═══ Records for this exercise ═══

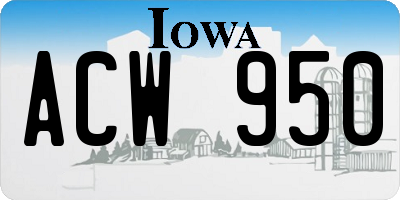 IA license plate ACW950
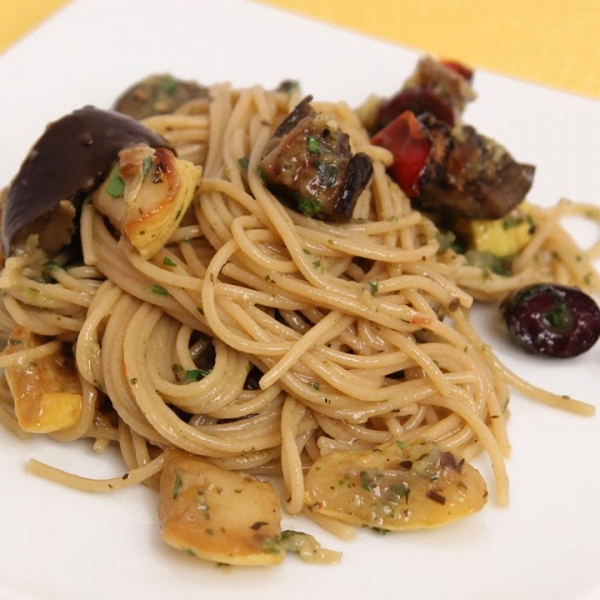 Spaghetti with Roasted Veggies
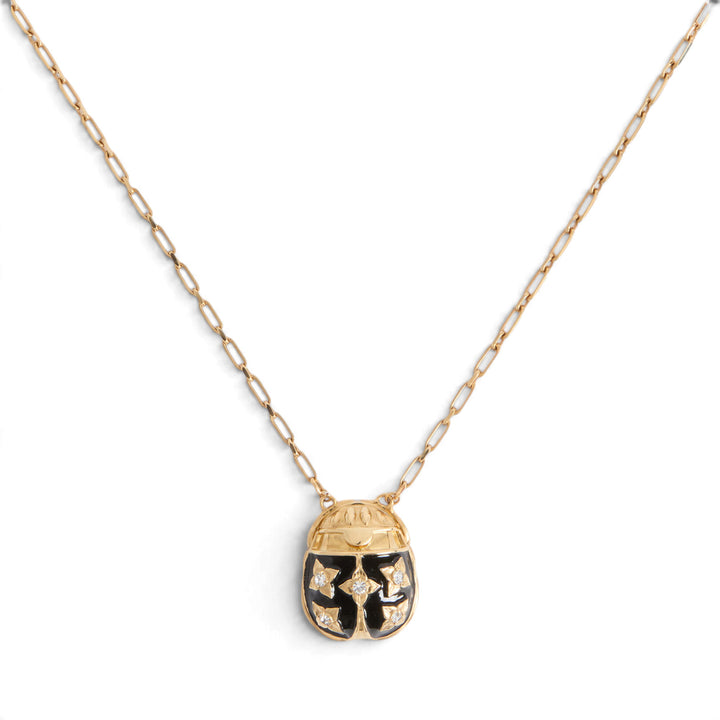 Lady Scarab Necklace Black Enamel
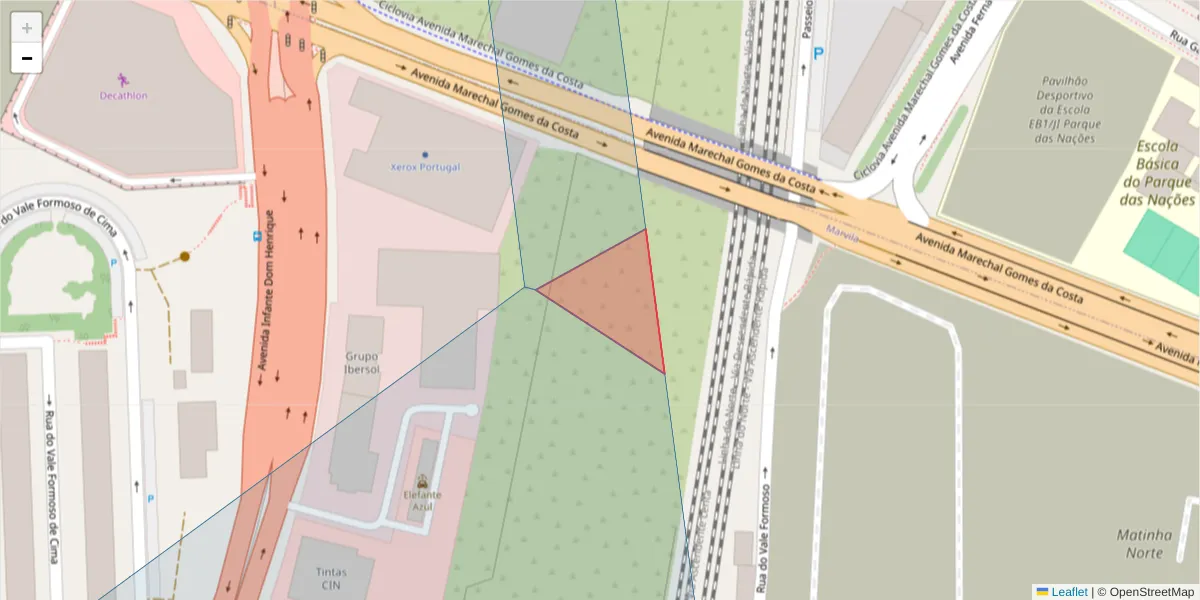 Mapa detalhado do código postal 1990-601 com limites, códigos postais vizinhos e agências dos correios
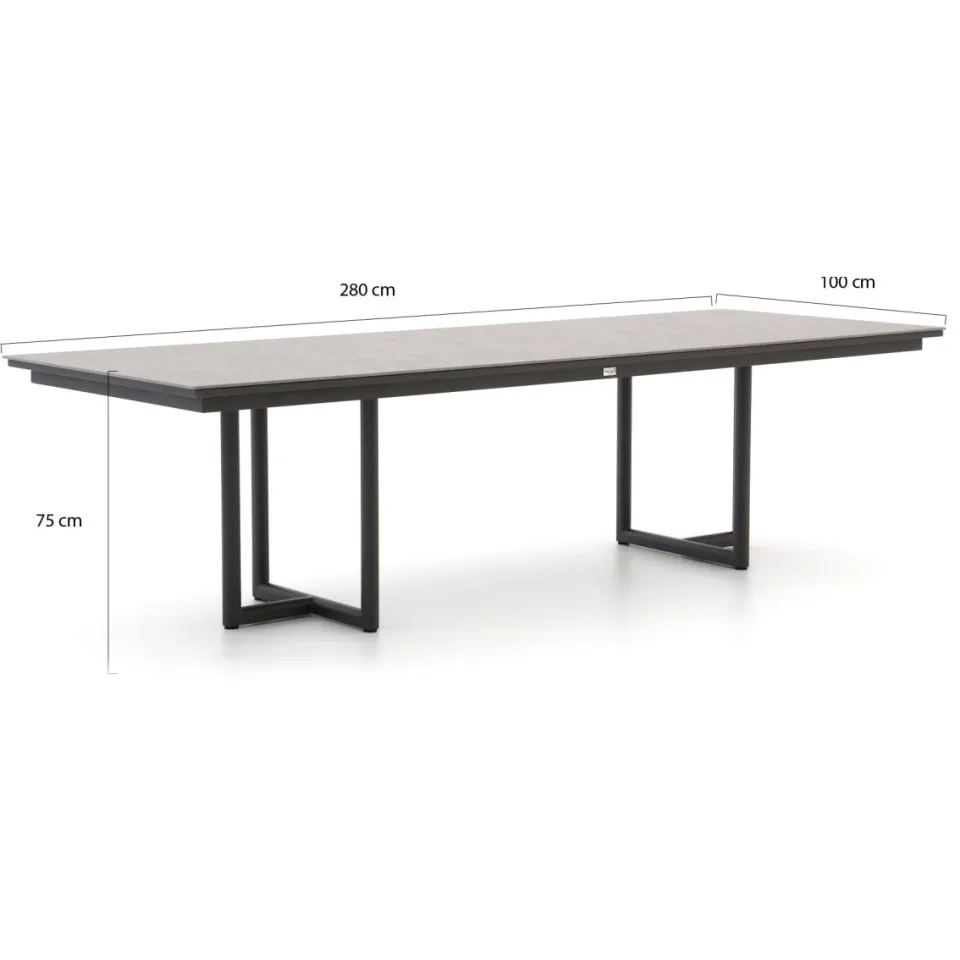 Tierra Outdoor Rivera/Naro 280cm dining tuinset 9-delig grijs, foto 4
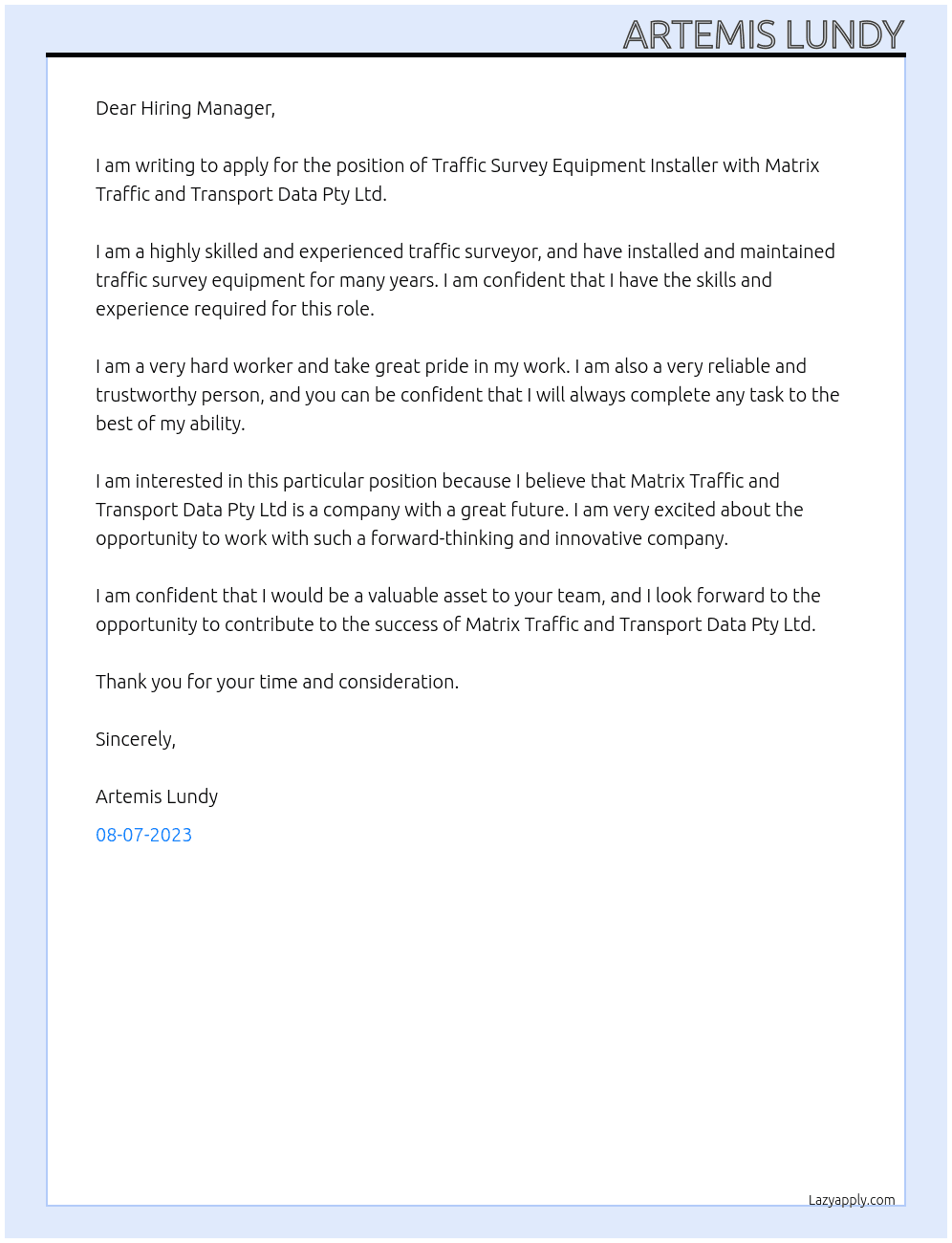 Traffic Survey Equipment Installer At Matrix Traffic and Transport Data Pty Ltd Cover Letter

═══

● Your task: Reproduce all the material exactly, omitting images.

● Task answer:
 IA license plate ACW950
 Spaghetti with Roasted Veggies
 Lady Scarab Necklace Black Enamel
 Mapa detalhado do código postal 1990-601 com limites, códigos postais vizinhos e agências dos correios
 Tierra Outdoor Rivera/Naro 280cm dining tuinset 9-delig grijs, foto 4
 Traffic Survey Equipment Installer At Matrix Traffic and Transport Data Pty Ltd Cover Letter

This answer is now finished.